Em O Melhor do Contrato o ritmo alucinante que toma conta da maior parte dos outros contos diminui bastante, porém, a ligação com acontecimentos cotidianos e de conhecimento geral continua trazendo os leitores direto para as cenas. O texto está centrado numa garçonete que escuta as conversas de seus clientes para espantar o tédio das madrugadas. Dois dos seus clientes mais assíduos novamente estão no recinto, tendo conversas sobre negócios. Sem perder tempo, a garçonete se aproxima deles e começa a xeretar, descobrindo mais do que devia. Quando os homens percebem que ela os estava vigiando, seu chefe toma a decisão de elimina-la. Mas aquela mulher não era uma qualquer, ela "não pede arrego pra macho", com tudo o que passou na vida, já não teme a morte, e enfrenta o pai da própria, por fim, aquele que a tentou matar, se encantou de modo que a convidou para sua firma. Aquela simplória garçonete fazia pacto com o diabo. Lucrécia é uma típica trabalhadora - sendo inclusive comparada com Joana D'Arc -, sofrida, fofoqueira, e sempre pondo o nariz onde não é chamada. Passou por mais coisas do que a maioria dos demônios, e no fim das contas, foi recompensada por isso - apesar do texto não deixar claro o futuro da mulher, foi dado um exemplo do que aconteceria com ela se por ventura, ela não fosse mais útil. Além de tudo isso o texto mostra com clareza e citando exemplos males e a futilidade inerente ao ser humano.

O conto A Fera trata de bullying. Na desgraça de uma escola pública brasileira, com diretores e empregados que não estão "nem aí" para os alunos, Serginho passa pelos piores momentos da sua vida nas mãos de Renato, o típico valentão. Quando o último ato de Renato supera todos os limites, Serginho explode e se vinga usando A Fera - um revólver de seu pai. Já repeti isso algumas vezes nessa resenha, mas, mais uma vez a realidade do texto é palpável. Tudo o que acontece com o personagem é passado objetivamente para os leitores, a melancolia de Serginho de espalha pelas páginas e o final surpreendente do texto dá um gancho para uma continuação.

Outro conto longo. A Expressão da Desgraça conta a história de um grupo de cinco amigos típicos entre os anos 80 e 90, que falam palavrões e fazem piadas com as mães uns dos outros que me fez lembrar fãs de blink -182. Aliás, o texto faz muitas relações com algumas bandas, principalmente Guns N' Roses e Black Sabbath - além de uma leve menção ao Nirvana. É um texto coeso, no qual os amigos, para se divertirem num tempo em que não havia quase nada para que se divertissem, davam missões uns aos outros, até que, sem pensar nas consequências já conhecidas por eles, uma dessas missões passa dos limites e o resultado é mostrado ao fim do livro.

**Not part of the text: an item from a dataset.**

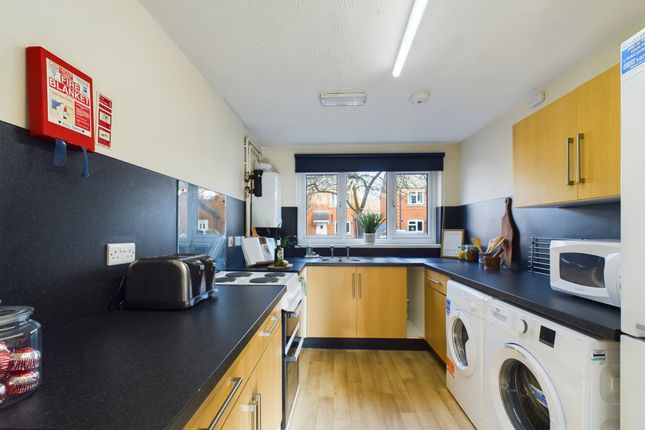 Terraced house to rent in Mint Road, Bede Island, Leicester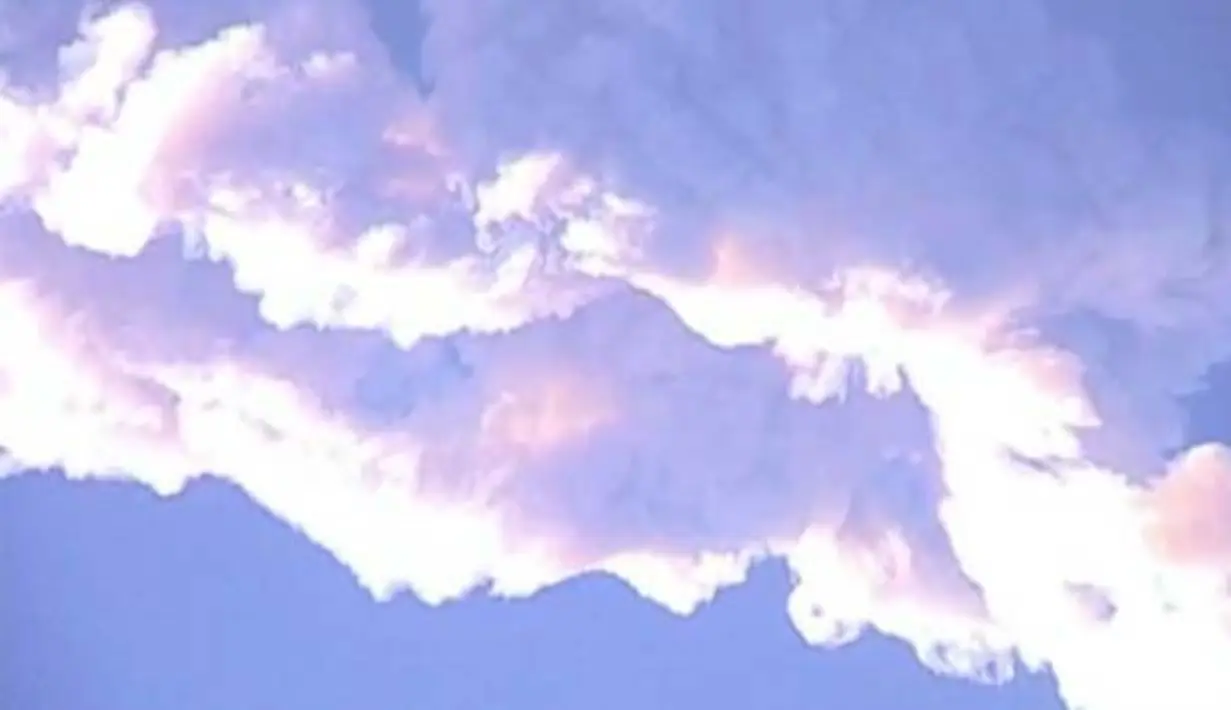 Gumpalan asap bekas lintasan meteor yang jatuh di Rusia itu mirip dengan gumpalan awan , Selasa (22/4/2014) (Livescine.com)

Justa Causa é o último e mais curto conto do livro. Percebi uma pequena relação dele com o Melhor do Contrato e A Fera. É o relato de um dos trabalhadores do diabo, o que perverte os outros para o seu caminho. Foi um bom fechamento para o livro, em ritmo mais lento, mas cheio de significados.

Senti falta de uma ou duas vírgulas, e em algumas situações achei que faltou o acento grave. Tive a impressão de, em uma situação, ter percebido a utilização indevida da palavra "onde". Além disso, algumas palavras foram "comidas", não apareceram no texto, talvez com a empolgação da fluência na escrita, o autor tenha deixado esse fato despercebido. Nada que, para o leitor atento, estrague o ritmo de leitura ou deturpe o sentido da frase.

O que mais me impressiona no autor é a completa falta de receio - ou até mesmo de puder - na descrição dos fatos. Mortes e assassinatos são apresentados com uma precisão absurdamente sádica, sem nojinho de personagem desmaiar para que a morte não seja mostrada, tampouco se utiliza de eufemismos para a leitura ficar mais acessível. Como o autor diz no início e eu repito agora, César Bravo não é para quem tem estômago fraco!

César Bravo é um MONSTRO da literatura de terror e um MONSTRO da nova literatura brasileira, e tenho poucas dúvidas de que em pouco tempo ele estará entre os principais escritores nacionais. Competência ele tem, sem dúvida. Posso dizer aqui, com completa honestidade e segurança que Pagamento Cigano é um dos melhores contos que já li na minha vida.

Tenho a honra de ter esse autor como meu parceiro. Sucesso, César. Competência você tem.